# Data records
——

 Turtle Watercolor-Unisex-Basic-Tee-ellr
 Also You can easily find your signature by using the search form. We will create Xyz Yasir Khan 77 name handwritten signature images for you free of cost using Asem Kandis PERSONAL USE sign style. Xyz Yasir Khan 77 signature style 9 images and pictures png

——

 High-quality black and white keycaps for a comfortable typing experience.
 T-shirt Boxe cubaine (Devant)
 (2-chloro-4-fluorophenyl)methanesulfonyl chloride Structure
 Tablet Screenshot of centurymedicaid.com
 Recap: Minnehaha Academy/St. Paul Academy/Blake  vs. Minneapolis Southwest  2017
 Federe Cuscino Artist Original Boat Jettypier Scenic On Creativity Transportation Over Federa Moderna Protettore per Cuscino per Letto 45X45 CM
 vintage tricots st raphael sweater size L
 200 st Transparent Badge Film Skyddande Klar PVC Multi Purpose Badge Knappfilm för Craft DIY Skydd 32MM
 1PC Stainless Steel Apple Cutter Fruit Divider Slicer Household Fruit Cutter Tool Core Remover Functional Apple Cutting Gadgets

——

# Task goal
Look above for the line holding "200 st Transparent", then set down exactly that line and every line after it up to and including the line holding "1PC Stainless Steel", with nothing else.

# Solution
 200 st Transparent Badge Film Skyddande Klar PVC Multi Purpose Badge Knappfilm för Craft DIY Skydd 32MM
 1PC Stainless Steel Apple Cutter Fruit Divider Slicer Household Fruit Cutter Tool Core Remover Functional Apple Cutting Gadgets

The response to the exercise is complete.